=== RECORDS ===
::::::::::

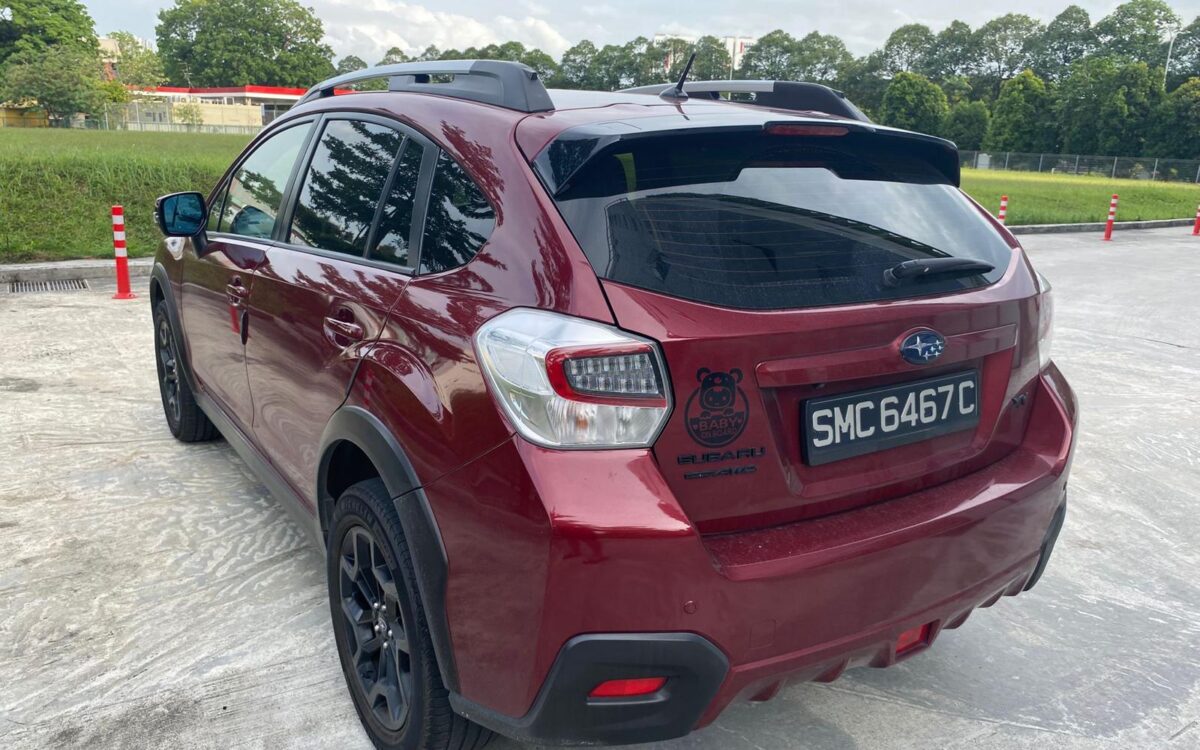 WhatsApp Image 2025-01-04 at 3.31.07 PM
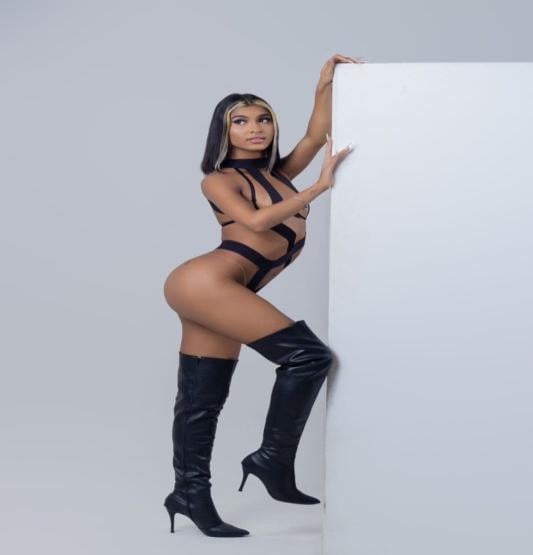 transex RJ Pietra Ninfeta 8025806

::::::::::

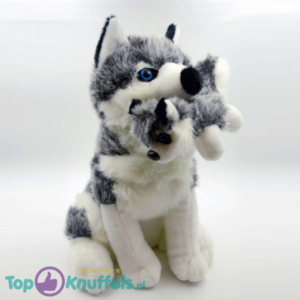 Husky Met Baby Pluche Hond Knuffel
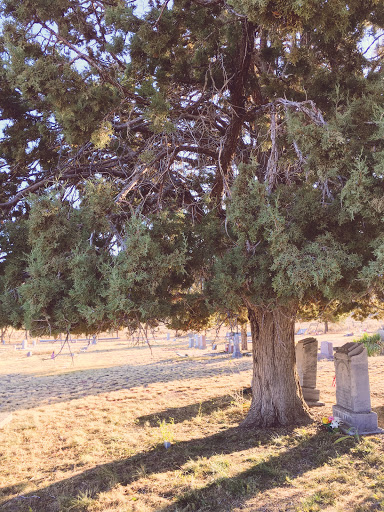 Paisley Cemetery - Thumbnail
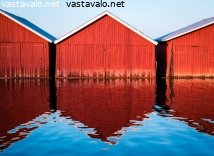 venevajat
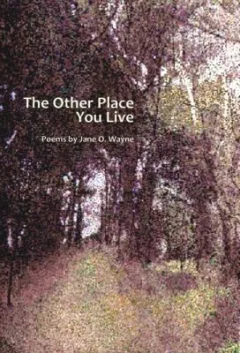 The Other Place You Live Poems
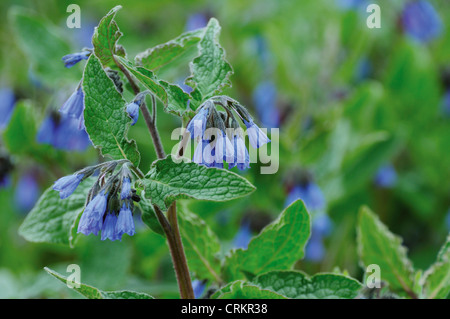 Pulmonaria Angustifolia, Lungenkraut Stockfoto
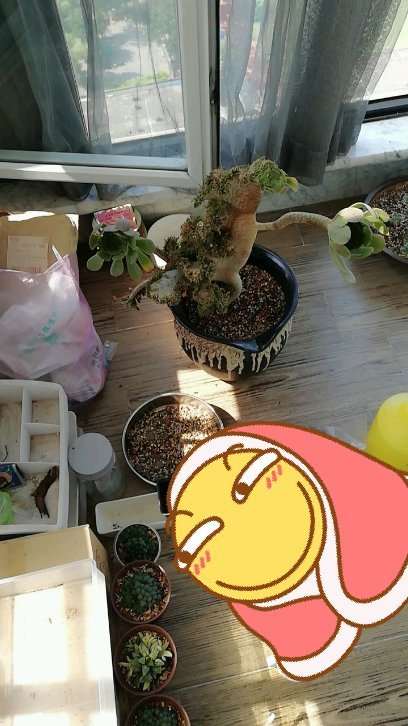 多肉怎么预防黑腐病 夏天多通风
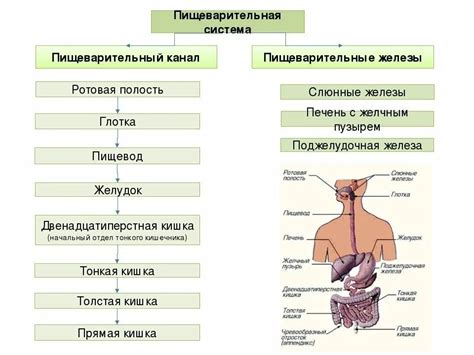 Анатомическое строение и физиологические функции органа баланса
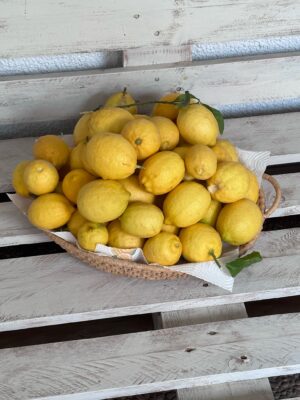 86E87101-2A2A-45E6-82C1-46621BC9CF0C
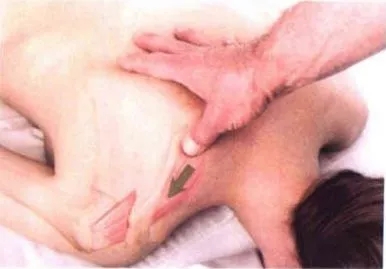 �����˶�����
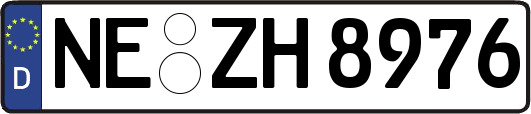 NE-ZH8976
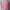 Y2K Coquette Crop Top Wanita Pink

::::::::::

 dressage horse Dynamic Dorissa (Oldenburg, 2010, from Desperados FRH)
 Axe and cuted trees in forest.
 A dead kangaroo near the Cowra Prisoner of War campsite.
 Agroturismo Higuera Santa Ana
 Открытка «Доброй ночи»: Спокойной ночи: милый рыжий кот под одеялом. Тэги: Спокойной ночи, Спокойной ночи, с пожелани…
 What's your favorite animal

::::::::::

=== DIRECTIONS ===
If a picture sits between the line containing "Husky Met Baby Pluche Hond Knuffel" and the line containing "Y2K Coquette Crop Top Wanita Pink", leave it out, and return the lines of that range above exactly, both ends included.

=== REPLY ===
 Husky Met Baby Pluche Hond Knuffel
 Paisley Cemetery - Thumbnail
 venevajat
 The Other Place You Live Poems
 Pulmonaria Angustifolia, Lungenkraut Stockfoto
 多肉怎么预防黑腐病 夏天多通风
 Анатомическое строение и физиологические функции органа баланса
 86E87101-2A2A-45E6-82C1-46621BC9CF0C
 �����˶�����
 NE-ZH8976
 Y2K Coquette Crop Top Wanita Pink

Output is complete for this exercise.